I also welcome the digital economy Bill. For the unaware, I had the honour of working for BT for 19 years before being elected to this House. Back then, I promoted the idea of BT having a universal service obligation to provide superfast broadband. In fact, broadband full stop would be a start, and speed could be increased thereafter. My constituency is on the edge of London, yet it has a series of housing estates, built more than 20 years ago, in which it is impossible to get broadband—that is outrageous. We have people who work in the City of London, in very responsible jobs, who would like to work from home but are unable to do so because BT fails to provide broadband of a reasonable speed. In this day and age, it is outrageous that they should be deprived of that fundamental service, on which we all rely. As we ask more and more people to work from home, so that they do not congest the roads and do not have to travel to an office to do their work, they should have the facilities to be able to work from home, if they so wish. I look forward to that becoming more and more a focus of attention for the Government.
I also welcome the neighbourhood planning Bill. As hon. Members on both sides of the House have said, we need to build more houses in this country for people to live in. I strongly supported the Bill that became the Housing and Planning Act 2016, which creates the environment in which houses can be built. The neighbourhood planning Bill clears up the issue and prevents the process whereby plans are clogged up and development is prevented from taking place. We should set out our plan, and I support the Government’s plan to generate more and more housing for younger people to be able to purchase and so get their foot on the ladder of property ownership.

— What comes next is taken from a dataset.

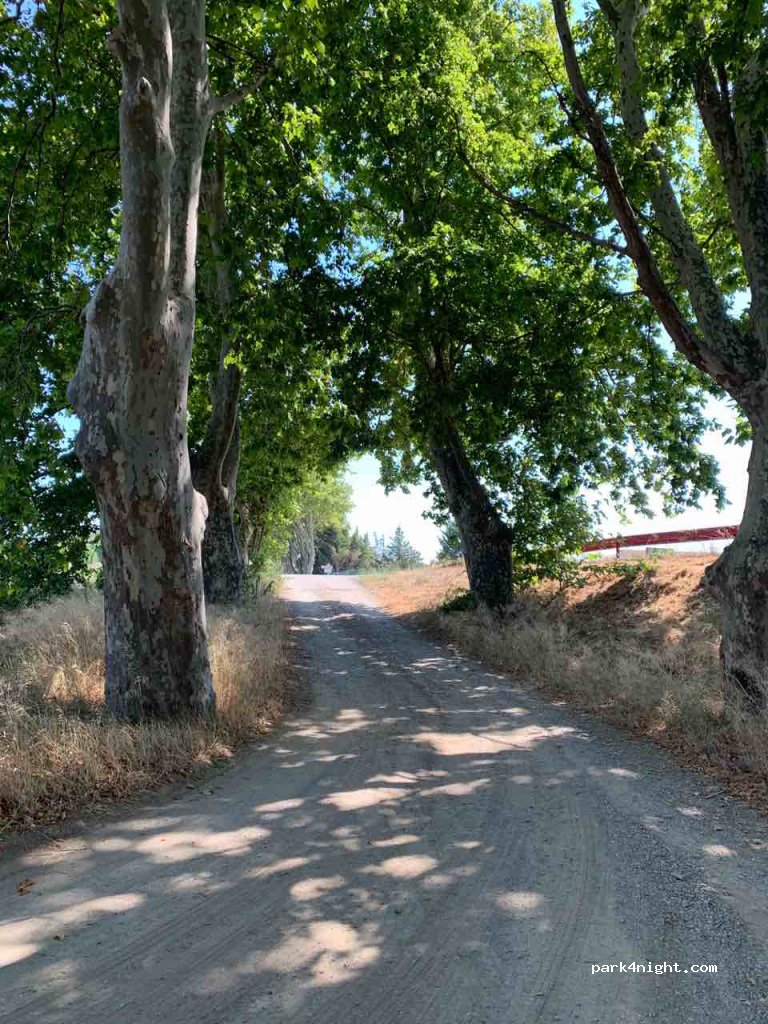(11200) Luc-sur-Orbieu - D61 — foto 2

One of the most fundamental local services is refuse collection. Although localism is welcome, it cannot be appropriate that, right across London, and probably across the country, people who move, probably every six months, because of private rental arrangements suddenly find that the refuse collection systems and the colours of the bins are totally different depending on the borough. They are therefore totally confused as to what should happen. As a fundamental service to people, we should seek to ensure that we have a sensible waste-collection service in this country; we should sort out who pays for it and how it is collected. At the moment, it is one area where local decisions can be made but clearly there are vast differences in the quality of services being provided.
I am also pleased that the education Bill will be coming forward, and I am glad that the Government have wisely dropped their decision to force schools to become academies. I welcome academies being created, but forcing schools to do that would be the wrong thing to do. Finally, I will just mention the counter-extremism and safeguarding Bill, in the short time I have left. I have—
Order. Unfortunately, that short time ran out.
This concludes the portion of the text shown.